Work required:
An exact copy of the entries, with every picture omitted, is what is needed here.

BEGIN Data to examine

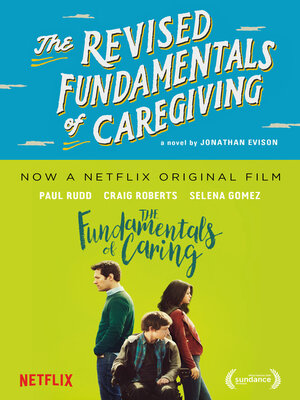 cover image of The Revised Fundamentals of Caregiving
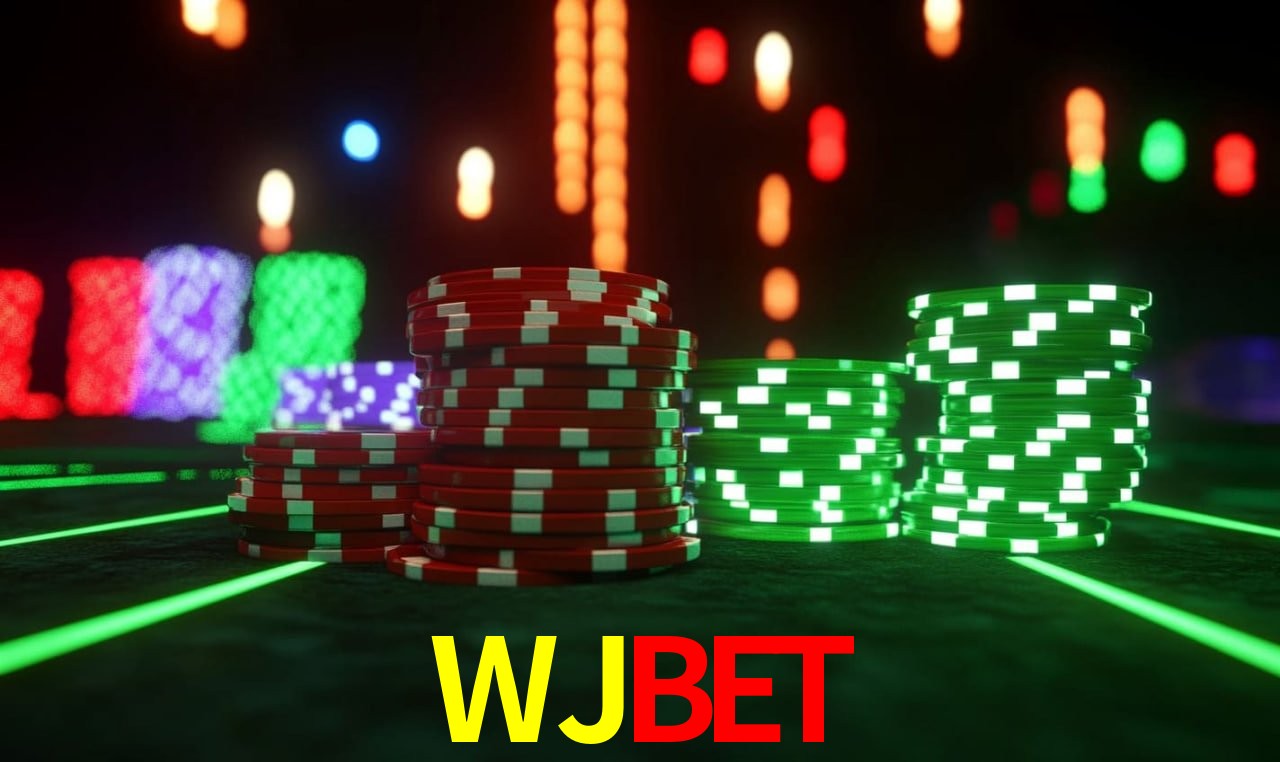 Experiência VIP WJBET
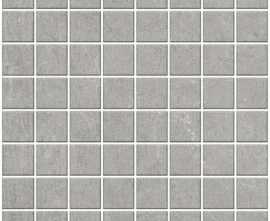 Мозаика Eurotile Limerence Серая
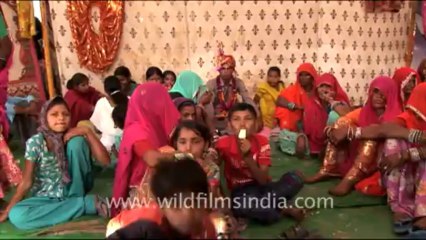 1824.Rajasthan kiddie weddings in Tonk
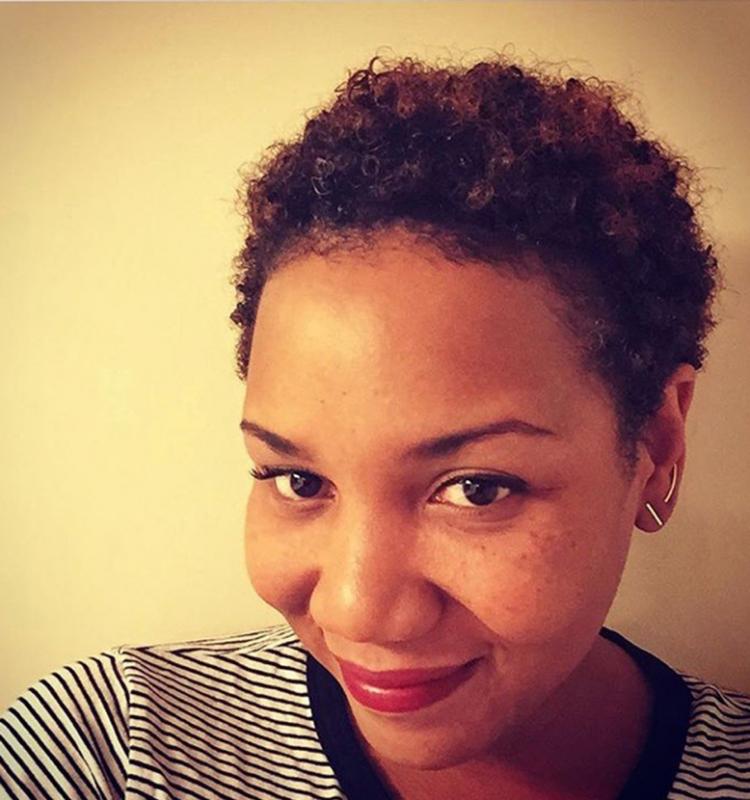 Rashida Coleman-Hale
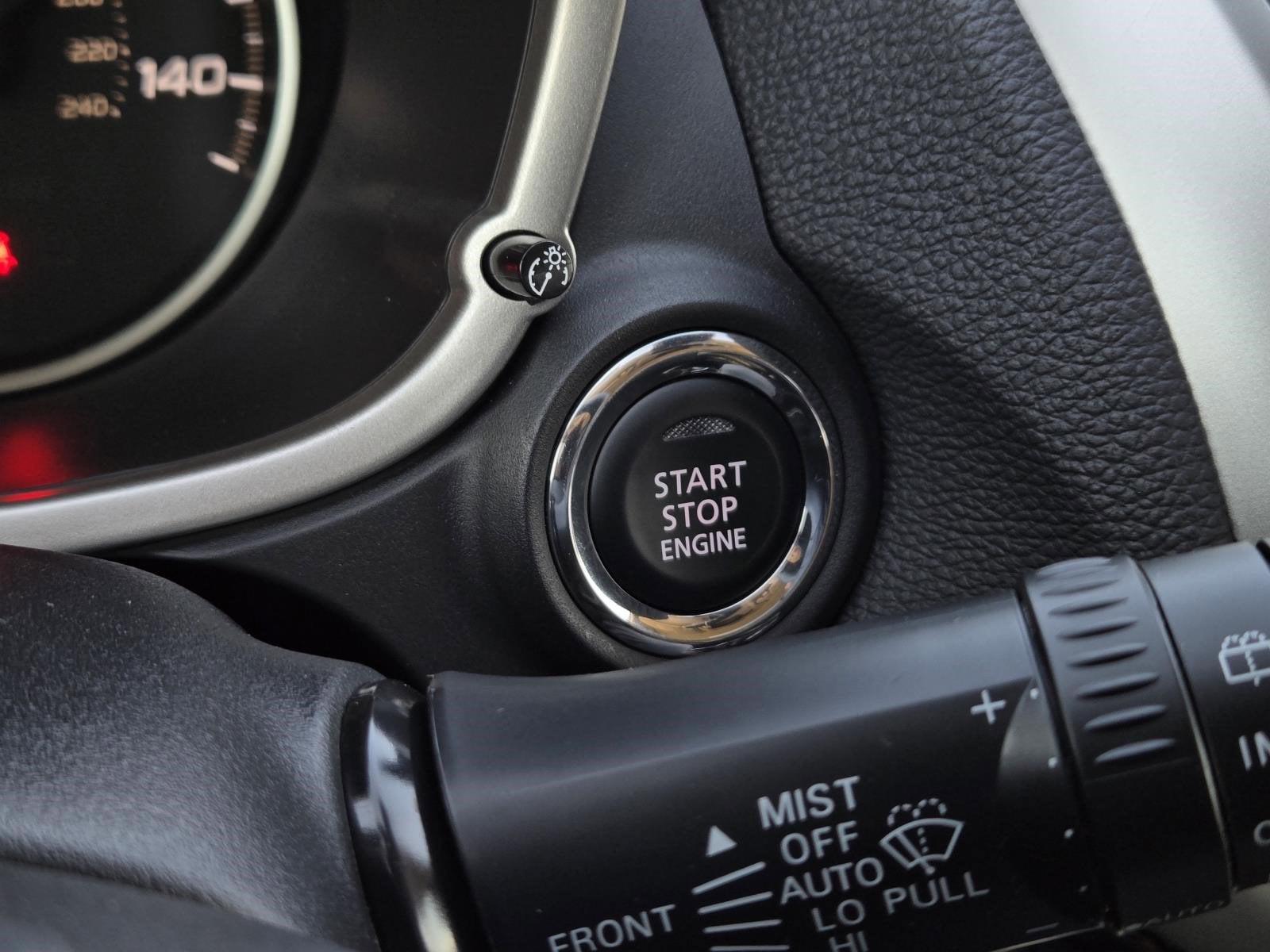 2023 Mitsubishi Eclipse Cross SE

END Data to examine

Answer space:
 cover image of The Revised Fundamentals of Caregiving
 Experiência VIP WJBET
 Мозаика Eurotile Limerence Серая
 1824.Rajasthan kiddie weddings in Tonk
 Rashida Coleman-Hale
 2023 Mitsubishi Eclipse Cross SE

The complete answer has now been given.